Cron Job Monitoring

It's easy to monitor any kind of cron job with Cronitor. You'll be alerted if anything goes wrong with your job, including:

  • The job does not start on schedule
  • The job runs much slower than expected
  • The job crashes with a failure code

Creating your first cron job monitor

Creating a test monitor or monitoring a single cron job can usually be completed in just a few minutes.

  1. Click the button on your dashboard to create a new monitor and select Cron job monitor.

  2. Paste the schedule expression from your cron job into the schedule field:

  3. Provide your server's timezone. A default timezone can be set from the Settings page.

  4. If needed, adjust the grace period for this job. After an expected execution time Cronitor will wait the duration of the grace period for your job to start before sending an alert.

  5. Give the monitor a descriptive name like Offsite Database Backup and add optional tags or notes.

  6. After saving the monitor you'll be given a unique Ping API url. If you're just testing things out, use your browser to send a /run ping followed by a /fail ping to simulate a job that started and then exited with an error. For production usage, read the integration guide to learn more about using CronitorCLI or Curl to send pings when your job runs.

  7. You're done! Your new monitor is created in a paused state; monitoring will not begin until the first ping is received.

Monitoring every job in your crontab

If you are monitoring cron jobs on Linux, BSD or MacOS, using cronitor discover in CronitorCLI is the easiest way to automatically create monitors for each job and keep their schedule in sync with your server.

  1. If you haven't installed CronitorCLI on your server, download and follow the installation instructions.

  2. Run cronitor discover to find cron jobs and import them into Cronitor.
    • Use the auto-generated cron job names or use the interactive prompt to create something more memorable.

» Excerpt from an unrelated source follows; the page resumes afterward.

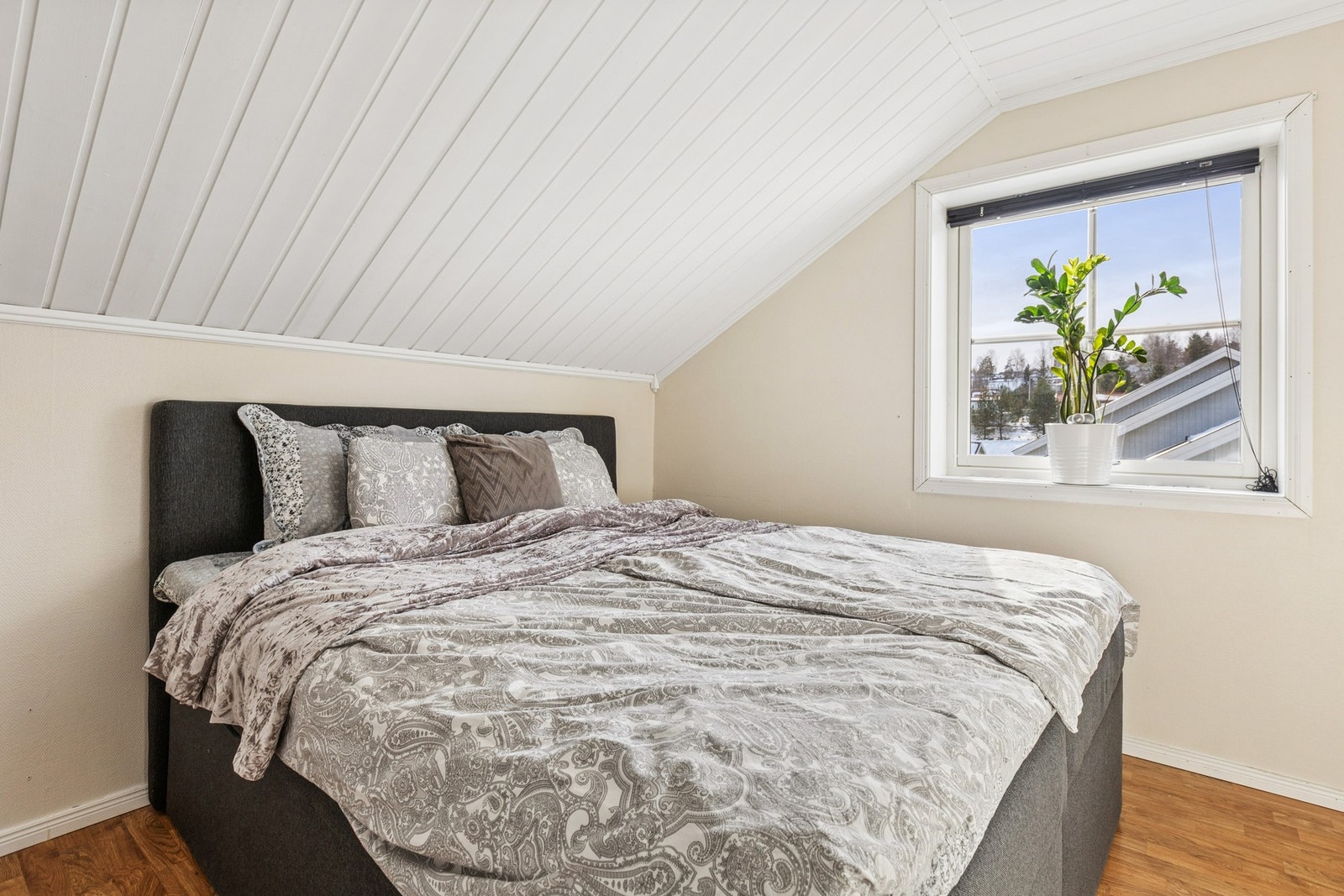 Soverom nr 4 har god plass til dobbeltseng og annet soveroms møblement. Galleribilde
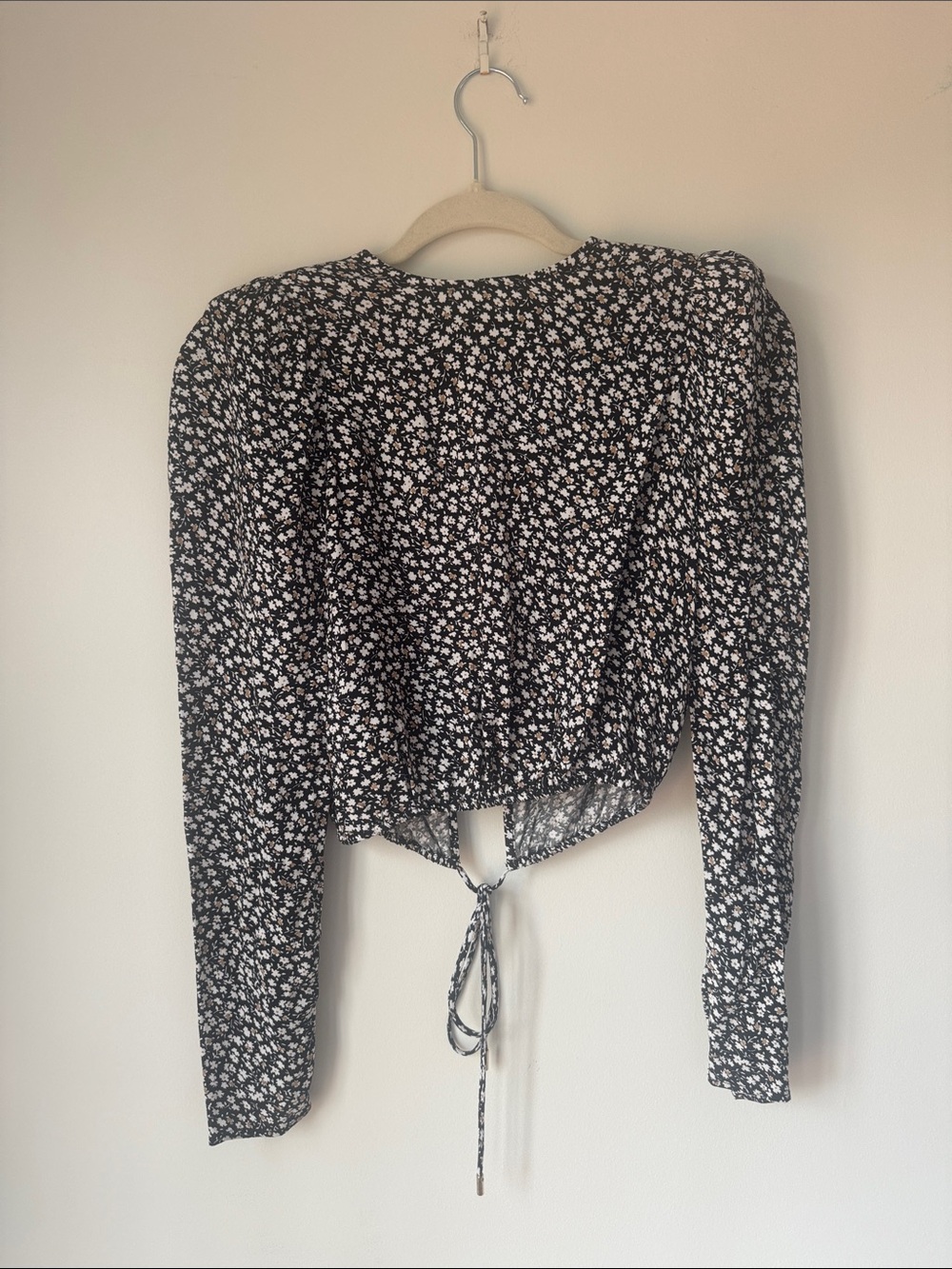 AFRM Black Long-Sleeve Floral Tie-Back Crop Top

    • Discover will always find cron jobs in your user crontab. If run with elevated privileges, jobs in the system crontab and drop-in directory are also imported.
    You can re-run discover at any time to find new cron jobs or change monitor names.

  3. You're done!

Handling job schedule changes easily

If your job schedules change frequently it can be challenging to ensure that your Cronitor monitors are in sync. Over time, this can accumulate false alarms and noisy alerts. By scheduling cronitor discover to run every hour, schedule updates will be pushed automatically to Cronitor on a regular basis. When using cronitor discover to import your crontab, this entry is added automatically.

Alerts when your job runs slower than expected

Cronitor uses past performance to notify you when your job runs significantly slower than expected. Our prediction algorithm grows more precise as we learn more about your job performance but it won't work perfectly for every job. If you are receiving has not completed when expected alerts earlier than you would like, you can increase the "grace period" for your monitor or provide a specific expected duration for the job:

  • With less data available on a new monitor we use a wider implied grace period and we will not send has not completed when expected alerts until the job has completed successfully at least once.
  • API Users: Specify fixed runtime duration by adding a custom ran_longer_than rule along with the not_on_schedule rule.

To send duration alerts, Cronitor must know when your job starts running and when it completes successfully. To report these events, you should run your job using cronitor exec or ping your /run endpoint as your job starts and /complete as it exits successfully. For more details on Ping API endpoints and where you should integrate your ping requests, see:

Frequently asked questions

  • What if my cron job starts after a random delay, like anacron?

    If you don't expect your job to start immediately at the scheduled time, expand the grace time on your monitor. Ensure your grace period exceeds any intentional or expected delay.

  • How does Cronitor handle schedules with 6 values, like Quartz?

    In some systems, cron schedules can have 6 values, meaning either seconds or year. In both cases, Cronitor attempts to ignore this additional value. We hope to expand support and handling for these more precise schedules.

  • How does Cronitor know when my job starts, completes and fails?

    For Cronitor to alert you when something goes wrong with your job a small amount of integration work is required to tell Cronitor when your job runs. The absolute easiest way to do this is to run your job using cronitor exec, but you can tell Cronitor nearly everything it needs with just a couple curl requests. See the Cronitor Integration Guide for more details.

  • How do I determine my server timezone?

    On Linux and MacOS, use timedatectl or date to determine the current timezone locale. On Windows, use tzutil /g. Timezones can be set per monitor, and an account-wide default is available on the account settings page.